AIM OF THE EXERCISE
Return every line of the data below exactly, but do not include the images.

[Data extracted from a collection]
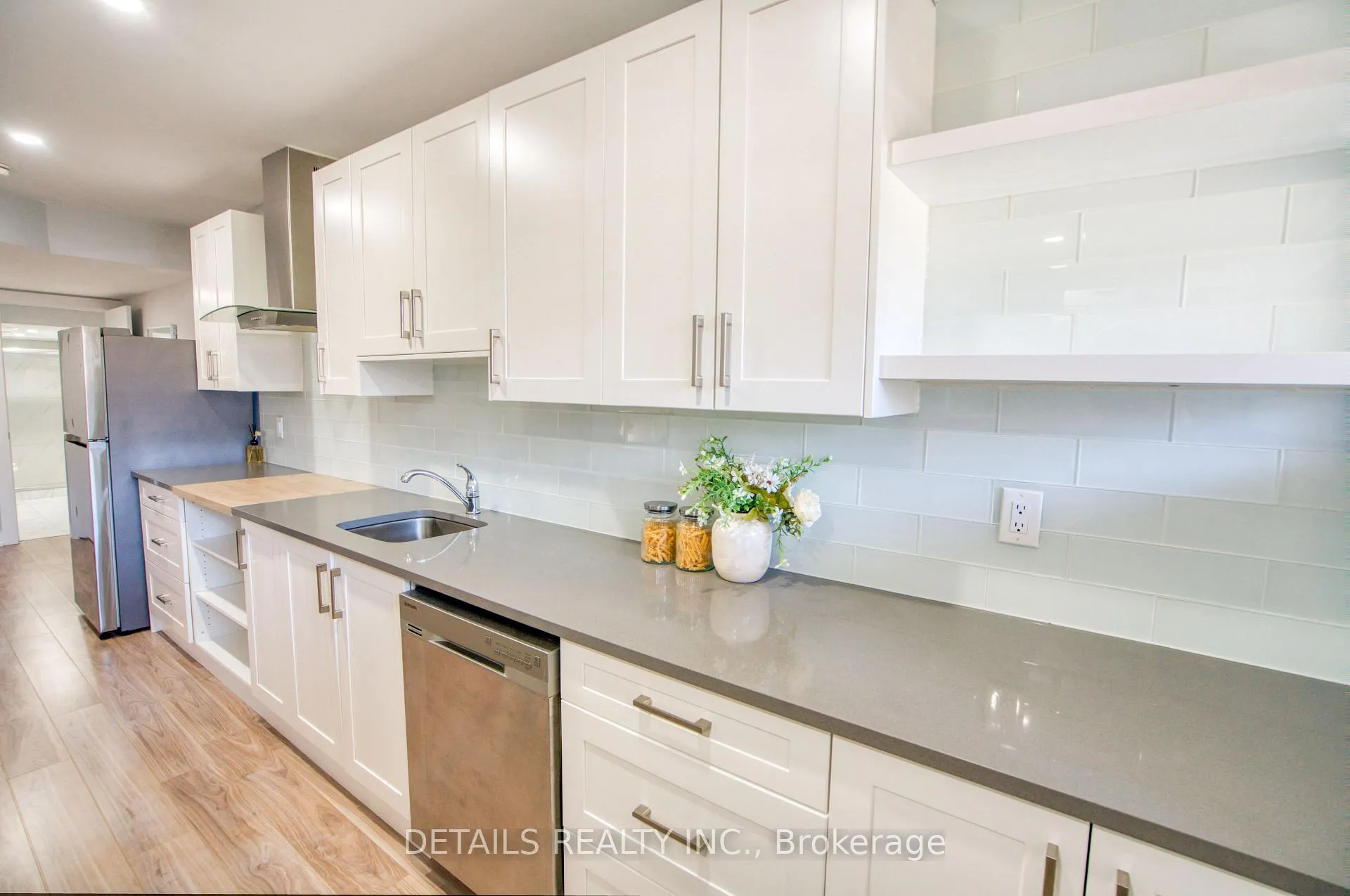 Photo 40 of 992 Baseline Road E, Ottawa, City View/Skyline/Fisher Heights/Parkwood Hills — HOMEH
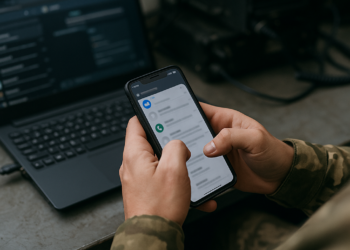 PLUGGYAPE wykorzystuje Signal i WhatsApp do ataków na ukraińskie siły obronne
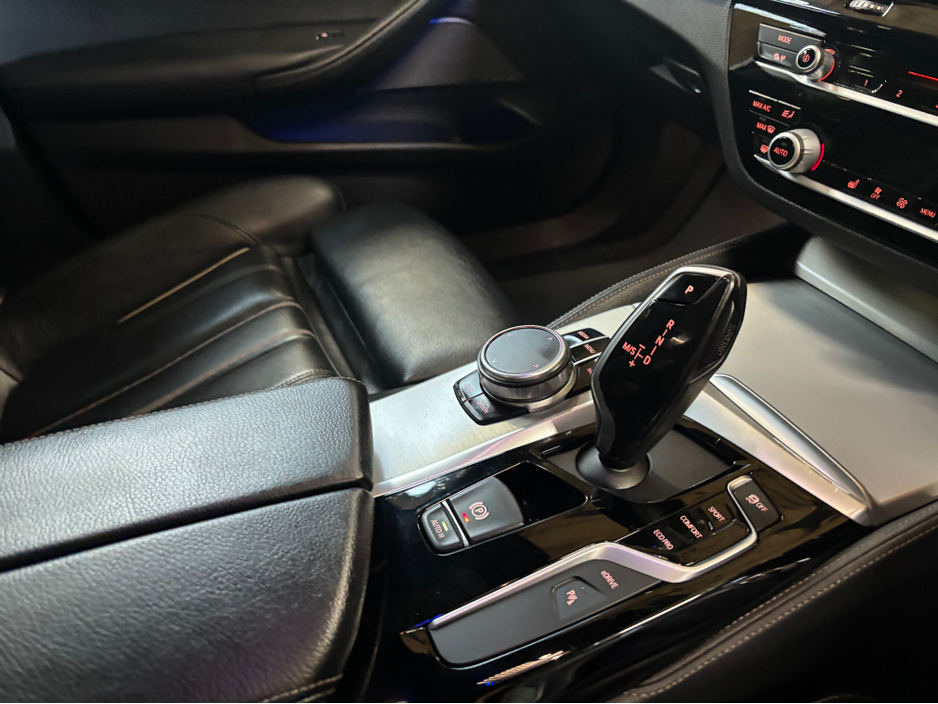 2018 BMW 5 Series - image 8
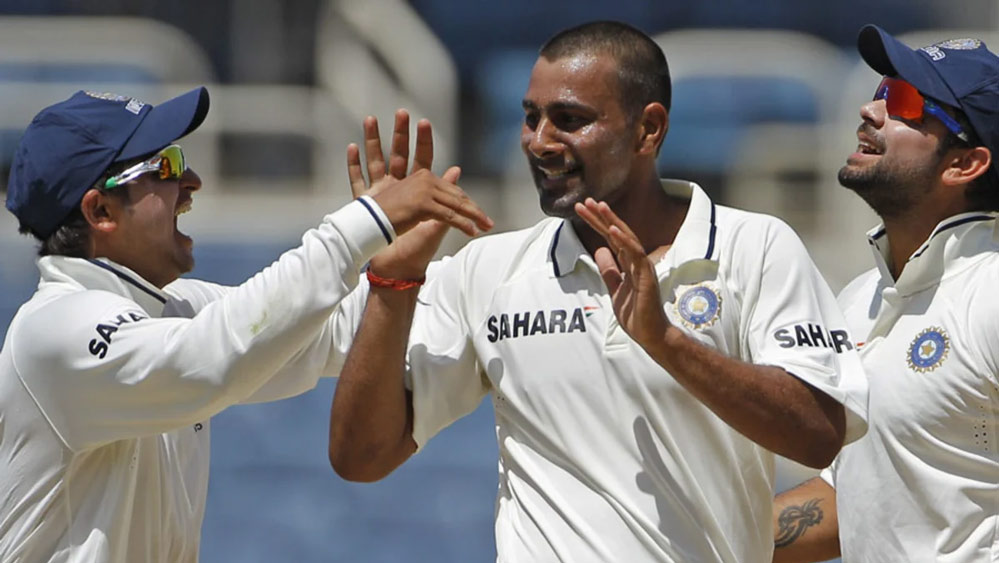 নয় নম্বরে নামা প্রবীণ কুমার ব্যাট হাতে বিশেষ অবদান রাখতে না পারলেও বল হাতে গুরুত্বপূর্ণ ভূমিকা পালন করেছিলেন। দু’টি ইনিংসে তিনটি করে ম্যাচে মোট ছয় উইকেট নিয়েছিলেন। দেশের হয়ে ৬টি টেস্ট খেলেছেন প্রবীণ। তিনটি ফরম্যাট মিলিয়ে মোট ২০৩টি ম্যাচ খেলেছেন। ২০১৮ সালে তিনি অবসর ঘোষণা করেন। তাঁর নিজস্ব একটি রেস্তরাঁ রয়েছে। উত্তরপ্রদেশে বিধানসভা ভোটের আগে তিনি রাজনীতিতে নামেন। যোগ দেন সমাজবাদী পার্টিতে।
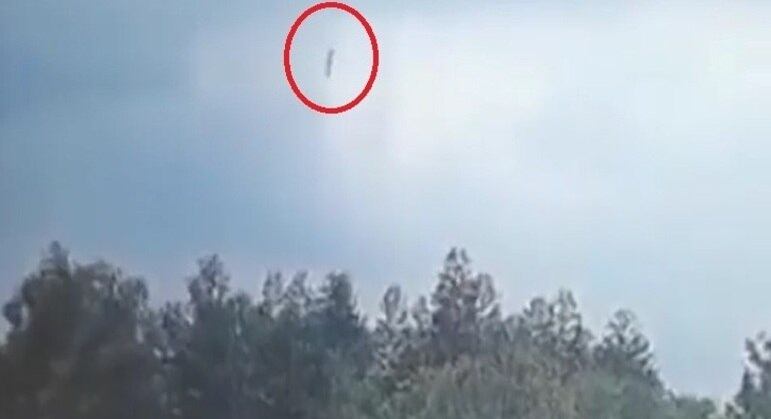 Avião da China Eastern Airlines transportava 123 passageiros e 9 tripulantes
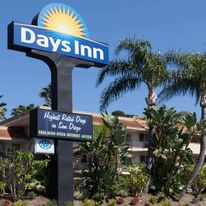 Days Inn San Diego/Circle Near Seaworld
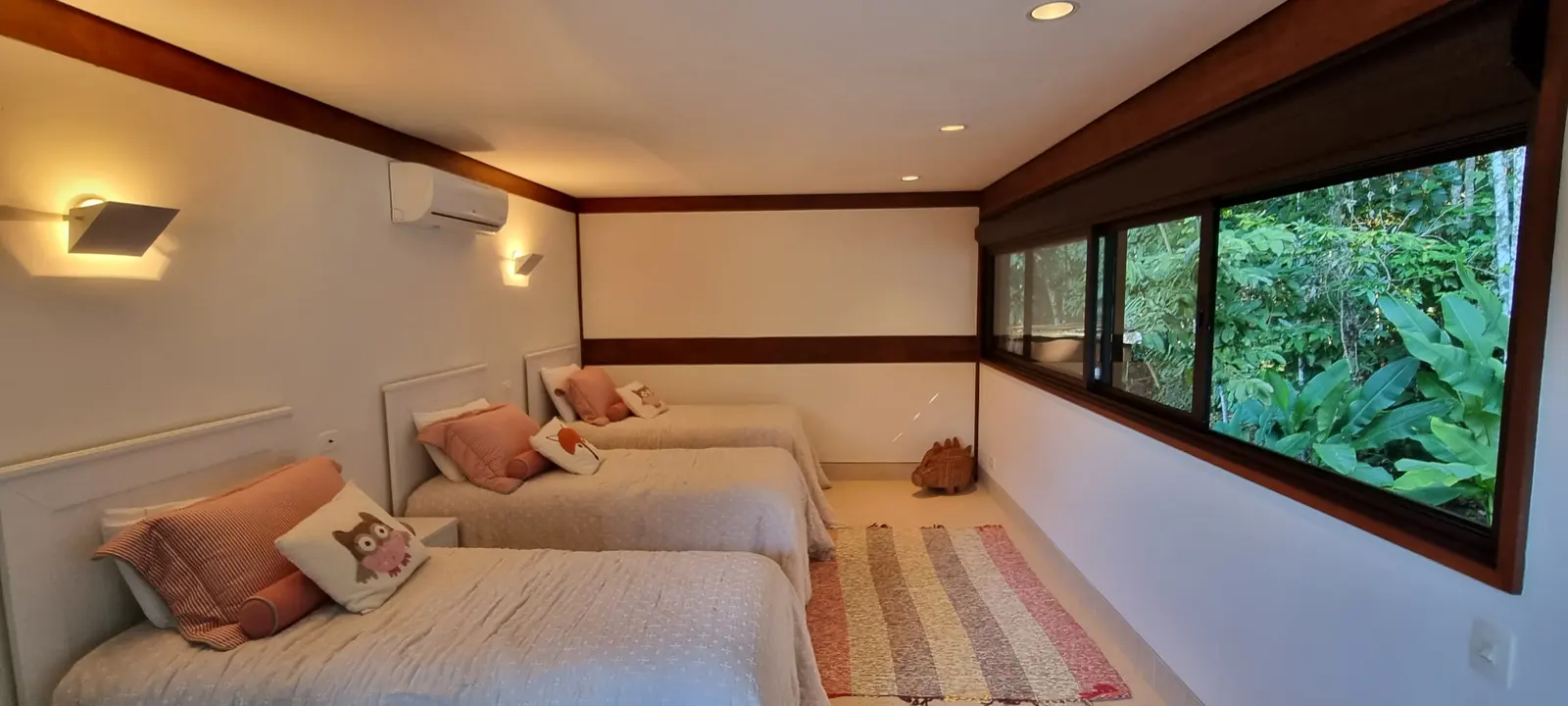 Suíte 6 — Taguaíba, Guarujá, à venda e para locação, Casa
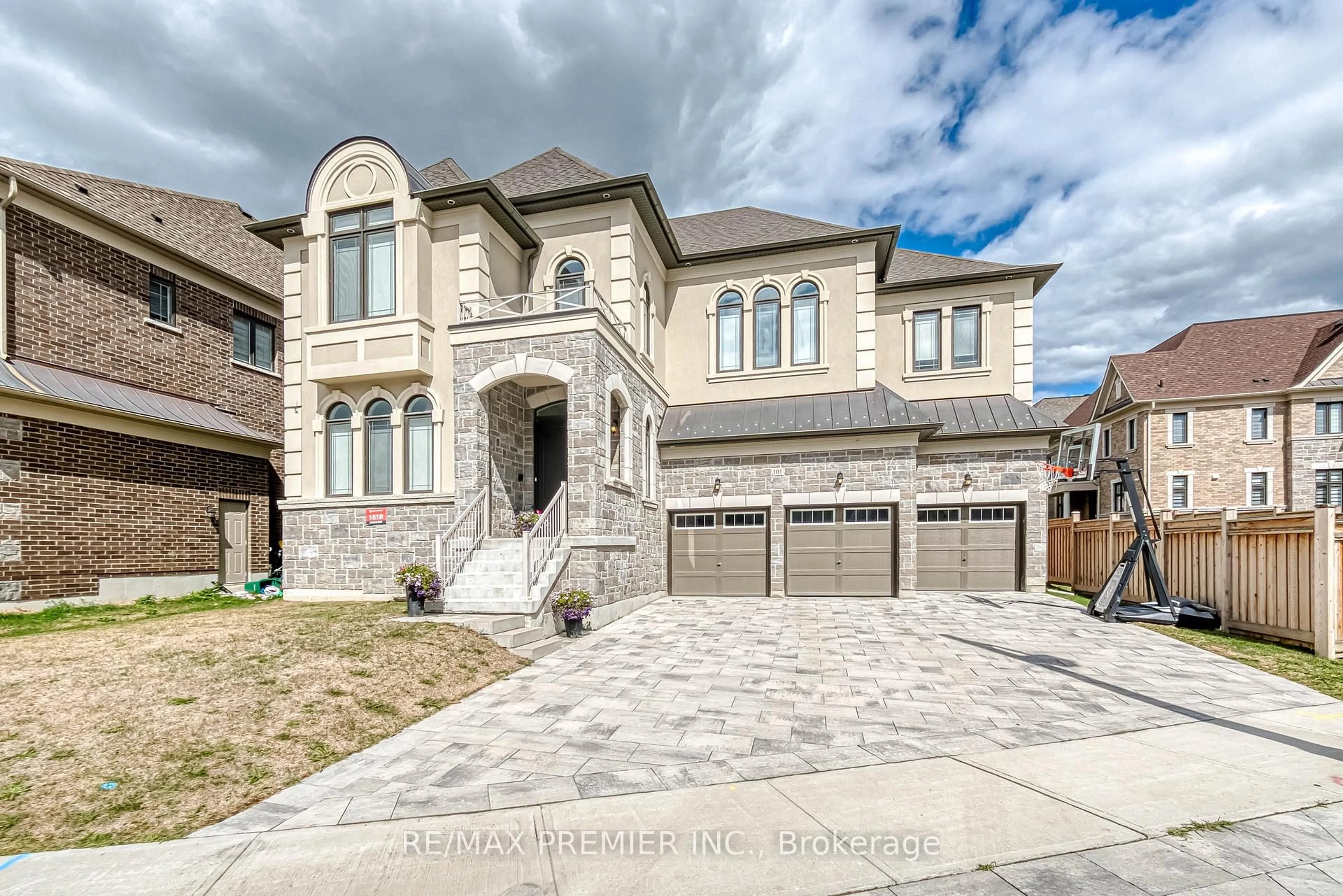 Home with brick exterior material, street for 101 Appleyard Ave, Vaughan Ontario L4H 4N3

RESPONSE AREA
 Photo 40 of 992 Baseline Road E, Ottawa, City View/Skyline/Fisher Heights/Parkwood Hills — HOMEH
 PLUGGYAPE wykorzystuje Signal i WhatsApp do ataków na ukraińskie siły obronne
 2018 BMW 5 Series - image 8
 নয় নম্বরে নামা প্রবীণ কুমার ব্যাট হাতে বিশেষ অবদান রাখতে না পারলেও বল হাতে গুরুত্বপূর্ণ ভূমিকা পালন করেছিলেন। দু’টি ইনিংসে তিনটি করে ম্যাচে মোট ছয় উইকেট নিয়েছিলেন। দেশের হয়ে ৬টি টেস্ট খেলেছেন প্রবীণ। তিনটি ফরম্যাট মিলিয়ে মোট ২০৩টি ম্যাচ খেলেছেন। ২০১৮ সালে তিনি অবসর ঘোষণা করেন। তাঁর নিজস্ব একটি রেস্তরাঁ রয়েছে। উত্তরপ্রদেশে বিধানসভা ভোটের আগে তিনি রাজনীতিতে নামেন। যোগ দেন সমাজবাদী পার্টিতে।
 Avião da China Eastern Airlines transportava 123 passageiros e 9 tripulantes
 Days Inn San Diego/Circle Near Seaworld
 Suíte 6 — Taguaíba, Guarujá, à venda e para locação, Casa
 Home with brick exterior material, street for 101 Appleyard Ave, Vaughan Ontario L4H 4N3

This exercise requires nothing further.